FDA officials point to increased drug approvals
Federal drug officials Thursday claimed credit for an increase in the approval of new drugs and argued that the results demonstrated the need for legislation to continue financing the current drug approval system.
The Food and Drug Administration approved 35 new drugs in the year that ended in September, a number that was surpassed only once in the past decade.
The agency approved 24 of the drugs before they were approved in any other country. And many of them were important advances, including the first new drug for lupus in 50 years, the first new drug for Hodgkin lymphoma in 30 years, and the first drugs for late-stage melanoma that have been shown to prolong survival.

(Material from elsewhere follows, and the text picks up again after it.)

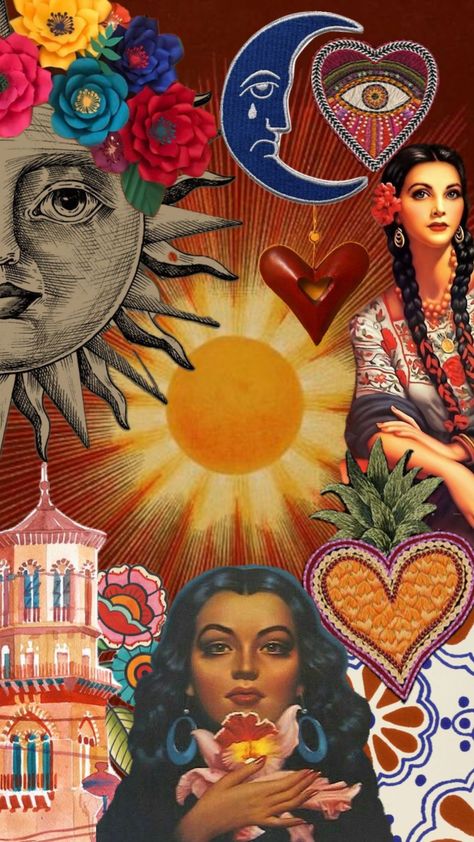 Mexican Screensaver, Cultura Mexicana Aesthetic, Latina Wallpaper Aesthetic, Chicana Aesthetic Wallpaper, Mexican Art Wallpaper, Mexico Aesthetic Wallpaper, Mexican Style Art, Mexican Pfp, Vintage Mexican Art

“I want to underscore that we approved a set of drugs that are truly medically important, and in fact did so in a way that made these drugs available to Americans before other places around the world,” Dr. Margaret Hamburg, commissioner of the FDA, said at a news conference.

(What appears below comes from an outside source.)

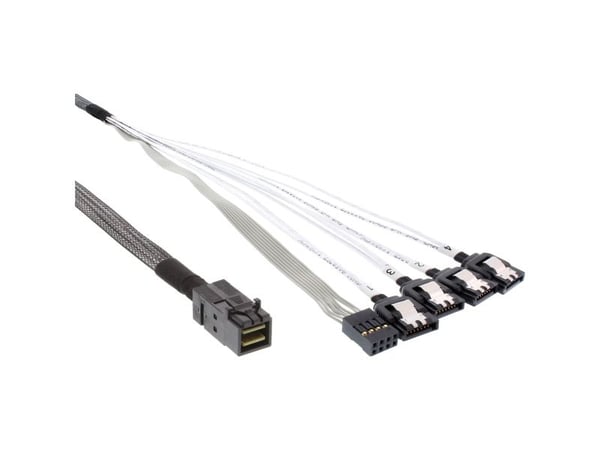 InLine 27630B, 1 m, SATA, 4 x SATA, Sort, 50 g, 15 x 1000 x 14 mm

The increase in drug approvals is good news for the pharmaceutical and biotechnology industries, which have failed to produce many new drugs in recent years. New drug approvals peaked in the mid-1990s and have generally declined since then despite increases in research spending. Major drugmakers have steadily cut their research spending since 2008 because of poor productivity, although increased spending by the biotechnology industry has generally made up for this shortfall.
For years, FDA officials said little about the declining number of new drug approvals. When some industry analysts blamed government rules for the slowdown, agency officials instead blamed a decline in high-quality industry applications and a general drought in industry labs.
Now that approvals are increasing, however, Hamburg is claiming some credit by saying that the agency has lowered some approval standards — particularly for cancer drugs — and speeded up many of its reviews.
Asked about this apparent contradiction, Hamburg responded, “I think the point we’re trying to make is that when high quality science, good applications come before us, we are able to act swiftly and surely.”
Part of the reason for the agency’s new message is that it wants to try to defuse growing calls in Congress — supported by biotechnology and medical device industry groups — to weaken its approval processes.